蔡翔先生說,在他最後編發的2003年第6期的《上海文學》中,有一篇非常優秀的小說,陳應鬆的《收糧山》,敘述了鄉村在城市壓抑中的殘酷命運,他覺得,這是另一種書寫城市的途徑。
《上海文學》和上海這個城市一起生長,成熟,親密接觸,又懂得冷靜下來,自覺打破自己和作家們跟這個魅力城市的過於“甜蜜”的關係。
王安憶在小說中閱讀城市
所有罪惡的以及繁華的景觀,都在城市裏流動,給予作家最臨界情境的感受,像桑葉喂了蠶,蠶吐成絲,變成一個又一繭,我們抽絲剝繭,裏麵赫然是一座又一座城市的微縮膠卷。
屬於上海的那一卷,王安憶是背後的攝錄者。小說是她眼裏玄妙的鏡頭。
從《上海文學》的《香港的情與愛》到《小說月報》的《我愛比爾》,再到《收獲》的《富萍》和《新加坡人》,她的小說之花在上海的文學期刊上漸次開放。
《我愛比爾》講述一個畫畫的女孩“阿三”綺麗而婉轉的性愛經曆及其悲劇性結局,“與外國人的性愛”作為一種特殊的情結貫穿了這個女孩飄忽的青春。
《富萍》講述的是“文革”前——1964年、1965年的故事。當時的上海社會組織很嚴密,王安憶從移民入手,描述上海人怎樣到這個城市來聚集。
在上海,浮光掠影的都是泡沫,底下才有一種紮紮實實的、非常瑣細日常的人生,蒸騰出這般的奇光異色。

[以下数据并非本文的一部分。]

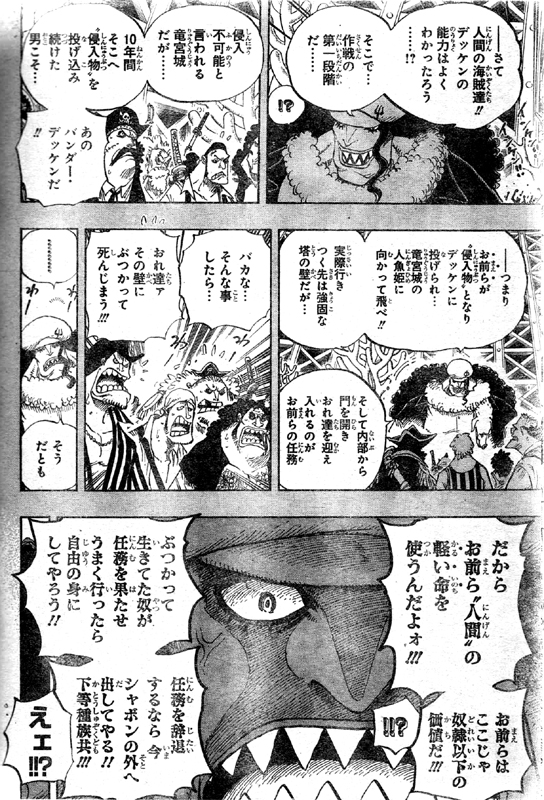 ホーディ・ジョーンズの作戦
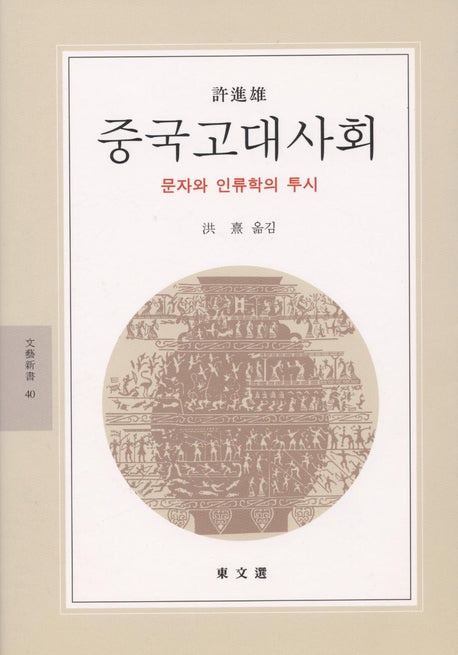 중국고대사회(문예신서 40)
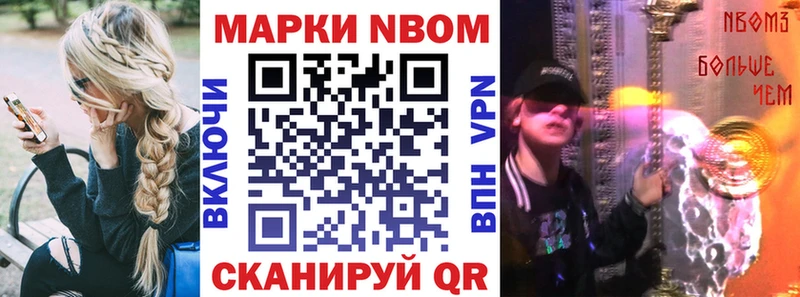 Марки NBOMe 1500мкг Зарайск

多年前王安憶看了一則新聞,昔日“上海小姐”被混日子的社會青年所殺,而後有了《長恨歌》,在籌備近兩年之後,被搬上話劇舞台。
愛麗斯公寓裏的桃木家具,平安裏的竹殼暖瓶以及麻將桌上那“三元四喜十三老,杠上開花海底撈”的麻將經……精致的上海生活圖景本身就是一幕活劇。

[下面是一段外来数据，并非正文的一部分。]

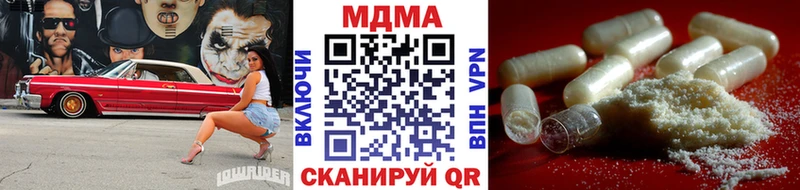 МДМА VHQ  Аша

《長恨歌》裏的“上海小姐”王琦瑤是作為一種符號出現的,她用大量篇幅記述上海的小弄堂。王安憶說,《長恨歌》中的人物都是小市民,他們很實際,打不垮。王琦瑤的每一步都是自己決定的,“我同情她、理解她,但說不上喜歡她,惟有她性格中的‘爭’是我喜歡的,她既要‘爭’,又受到‘限製’,就注定了自己戲劇性的命運。”
她對上海的觀察和描述有時細致得讓人驚詫,但似乎也正因這一絲不苟的描摹,故事才有了襯景——浮華與衰敗並存的上海,飄著萬國旗的小巷,幽雅的淮海路,高高的法國梧桐,飄忽難測變化萬千的女人心,喧囂的家家戶戶……
上海是埋頭做生計的,螺螄殼裏做道場的,這生計越做越精致,竟也做出了幽雅,這幽雅是精工車床上車出來的,可以複製的,這是王安憶小說對城市的觀察。
而小說裏的上海人做起夢來有點海闊天空,他們像孩子似的被自己的美夢樂開了懷,他們行動的結果好壞各一份,他們的夢想則一半成真一半成假。
——廣州——
區位劣勢下的先鋒表達
一次事先張揚的非典型文學事件
對許多人來說,2003年4月18日或許是一個再普通不過的日子,然而對於中國的文學界來說,卻不容忽略。
春風中,光頭詩人於堅用他那微帶口音而又略顯纖細的普通話,在一個臨時搭起的小型領獎台上,聲情並茂地講述著自己對在俗世中隻有蹲著跪著甚至趴下才能聽到聲音的詩歌的虔誠,以及對已經被世人降低到小草高度的文學的執著夢想。
在這個陽春四月的下午,他專門從昆明飛到了廣州,然後在眾人的注視下,從《南方都市報》的金庫裏拿走了稅後1萬元的人民幣——理由是,在這個日漸平滑的世界裏,堅持用已經少有的最本原而又粗糲的語言進行詩歌創作的他,被評為該報剛剛創設的首屆華語文學傳媒大獎中的年度詩人。